According to Mirror, Maradona died in his sleep after suffering heart failure which caused a pulmonary edema, a preliminary autopsy discovered.
Pulmonary edema is a condition caused by excess fluid in the lungs. This fluid collects in the numerous air sacs in the lungs, making it difficult to breathe. In most cases, heart problems cause pulmonary edema.
The football icon’s body arrived at the presidential palace in Argentina on Thursday as a country continues pays its last respects.
Grieving fans also gathered outside the Buenos Aires stadium in Argentina where Maradona started his career and which has since been renamed in his honour.
Maradona’s last words before he died on Wednesday were revealed by the Daily Mail on Thursday.

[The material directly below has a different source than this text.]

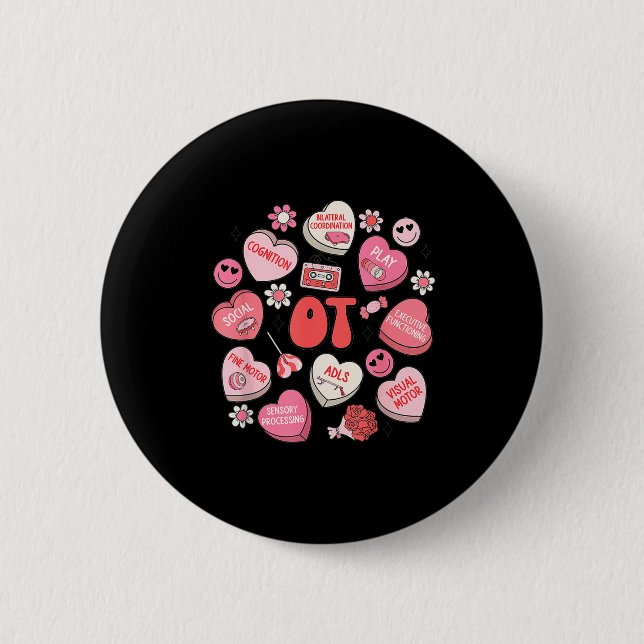 Groovy Occupational Therapy Valentine Ot Conversat 2 Inch Round Button (Front)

His words were ‘I feel sick’, it emerged yesterday as the world reeled from the shock of his death.
‘Me siento mal,’ he told his nephew – ‘I feel sick’ – before returning to bed in the Buenos Aires mansion in Argentina.
Maradona had come down for breakfast on Wednesday morning looking pale and complaining that he felt cold.
Later a nurse discovered the ‘football god’ was in bad condition and phoned for help but he was dead before paramedics could arrive.
Maradona is survived by five children, including his daughters Dalma, 33, and Ganina, 31, by his first and only wife Claudia Villafane, 58, to whom he was married from 1984 to 2004.
Widely regarded as one of the greatest players of all time, Maradona was one of the two joint winners of the FIFA Player of the 20th Century award.
His vision, passing, ball control and dribbling skills were combined with his small stature (1.65 metres (5 ft 5 in), which gave him a low centre of gravity allowing him to manoeuvre better than most other football players.
His presence and leadership on the field had a great effect on his team’s general performance, while he would often be singled out by the opposition.
In addition to his creative abilities, he possessed an eye for goal and was known to be a free-kick specialist.
The dead-ball specialist scored over 50 free-kicks in his illustrious career.